Exit stage right: Fish 2.0 offers final set of winning innovators

Six winners emerge in fast-paced sales-pitch contest.
Nearly 40 entrepreneurs took to the stage at Stanford University last week to pitch their seafood industry-changing innovations in front of a room full of discriminating investors. Although just six left with an official prize, all could claim a measure of success in what will be the final iteration of a contest boasting “Shark Tank” vibes and Silicon Valley buzz.
At the 2019 edition of the Fish 2.0 Global Innovators Forum, founder Monica Jain exulted in the momentum her event created since it launched in 2013, when there was “nothing out there” for investors to sink their teeth into. Over the course of four competitions spanning six years, Jain said the sales-pitch contest became the “pulse of change” that seafood had long needed.
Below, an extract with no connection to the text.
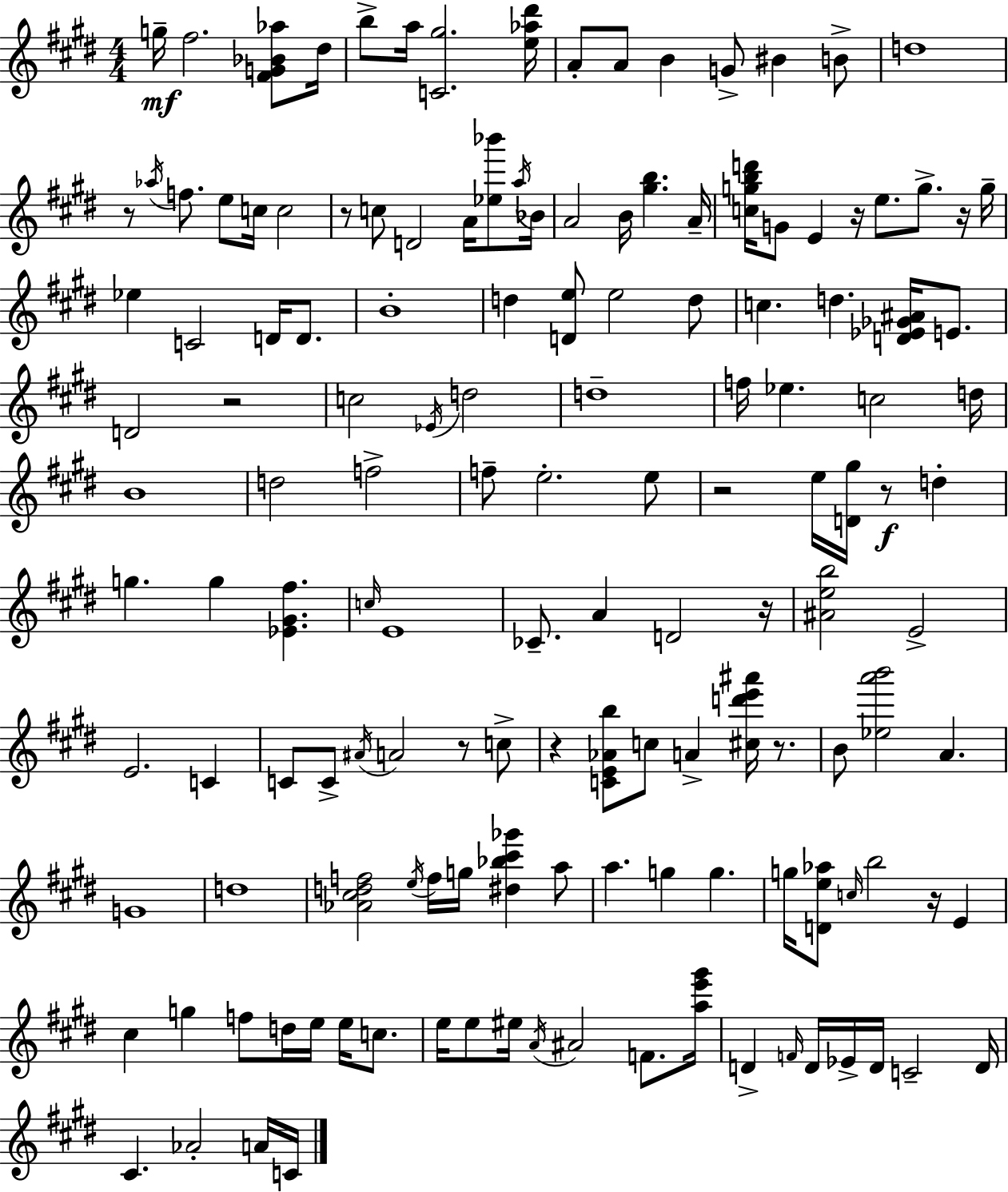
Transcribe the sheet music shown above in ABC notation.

“The future of seafood is here,” she said. “We believed progress would accelerate if we could help investors and entrepreneurs build the knowledge and connections they needed to get promising ideas off the ground and move capital into the sector. Innovation is about more than labeling; it’s products and services that are fundamentally changing the industry. Many of them don’t touch seafood at all.”
The winning innovations covered a wide swathe of seafood supply chain and aquaculture input issues, from robots and blockchain to barley and coconut husks. Winners were named in six categories: global seafood, U.S. seafood, Australian seafood, ocean and seafood technology, supply chain change and aquaculture.